Can I save my large oak trees.

Asked August 13, 2019, 1:29 PM EDT

I live in Owings Mills area by Soldiers Delight Park. I have some very old large oak trees that I'm worried about. I've already lost a couple trees. There seems to be some type of bug that is getting under the bark and doing damage then the Barks falling off. Is there any type of treatment I can do to help these trees stay alive ? I'm a retired senior and don't really have money for professional treatment. Please help if you can Thanks

Baltimore County Maryland declining oaks abiotic issues trees

3 Responses

Sadly, we have been receiving many questions about declining oak trees.

Oaks are dying all over the region. There is not one cause. For such a situation to occur over many species of oaks and a wide area, it is probably an environmental problem--more drought, the record amount of rainfall we experienced last season, higher summer temperatures can be contributing factors. Also, gypsy moths may have weakened some trees in the past. There is no single disease or insect that is causing this.
Here is more information about oaks:
https://extension.umd.edu/hgic/why-oak-trees-are-declining
The first and third photo of the trunk suggests that this tree has been declining for a while. Yes, the holes can mean borers but they are not making the bark fall off. This is from the steady decline of the tree. Just based on the trunk it looks like the tree is past the point of being helped by any type of treatment. If these trees pose a hazard to property or people you need to
have an arborist look at them.

Deb



Thanks you for your response Deb. Yes the tree in the photos is already dead. I'm trying to figure out what killed it and how to save the rest of my old oak trees from the same thing happening. Any help, anything I can do. Thanks

Once a tree is dead, it's basically impossible to tell what killed it from examining the dead tree. That's because the organisms (disease or insect) that may have killed it are those that infect/infest living plants. When the tree dies, those organisms can no longer live on the tree. They need living plant tissue. They leave or die. New organisms move in that are able to live in or feed on dead material, but they are not the ones who killed the tree.
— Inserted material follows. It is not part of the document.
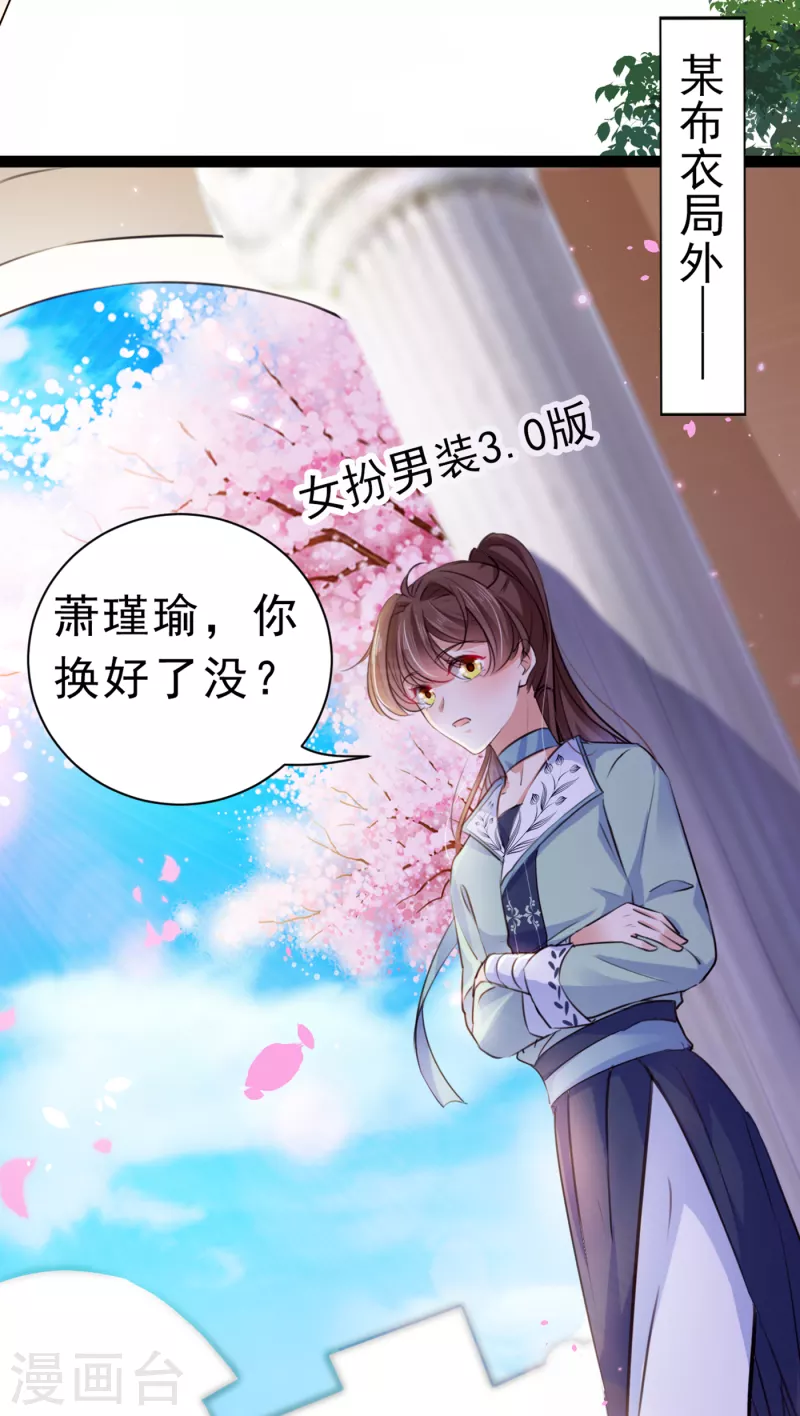 第292话 带你去我的秘密基地10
The holes in your tree are likely a beetle that feed on decomposing wood.

The time to diagnose an ailing plant is when the leaves show symptoms but are still alive.

Be mindful that at least half of plant problems are not caused by either insects or disease, but rather are abiotic problems. This means environmental or cultural problems, such as drowning in saturated soils or strangling from a girdling root.